In design, stochastic index KDJ integrates some advantages of momentum concept, relative strength index and moving average. In the calculation process, we mainly study the relationship between the price and the closing price, that is, we can reflect the strength of the price trend and the phenomenon of overbought and oversold by calculating the real range of price fluctuations such as the highest price, the lowest price and the closing price of the day or a few days.

The KDJ index consists of three curves, the fastest moving is the J line, followed by the K line, and the slowest is the D line. The following is a detailed introduction to KDJ indicators for everyone.

Calculation formula of KDJ:

Rsv= (closing price _ lowest price in n days)/(highest price in n days _ lowest price in n days) × 100

K = k = M daily moving average of RSV

Moving average of m 1 day, D=K

J=3K-2D

Rsv: Immature random value

Buying and selling principle:

The value crosses the D value from the put right, and the K value crosses the D value from the buy right.

2. High-end products have been cross-confirmed downward for two consecutive times. The low cross confirms the upward trend twice.

value

80% overbought. J> 100% overbought, J.

When the value hovers or crosses around 50%, it is meaningless.

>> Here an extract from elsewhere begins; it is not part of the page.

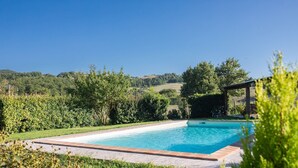 A rectangular swimming pool with a clear blue water surface, surrounded by a well-maintained lawn and a wooden pergola structure.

5. stocks that are too speculative are not applicable.

6. You can observe the deviation between KD value and gold price to confirm the high and low points.

Basic application methods of KDJ:

1. When the value of k (short-term moving average) is greater than the value of d (long-term moving average), it means that the market is in a strong state, so it is a buy signal when the K line breaks through the D line graphically.

2. When the value of D is greater than the value of K, it shows that the trend is downward, so in the graph, the K-line falling below the D-line is a selling opportunity.

3. When the D value falls to 10- 15, it is the best buying opportunity, and when it is as high as 85-90, it is a selling signal.

Line d and line d will drop sharply at the high-grade intersection and rise sharply at the low-grade intersection.

5. Similar to the RSI indicator, when the price deviates from the indicator, the market reverses.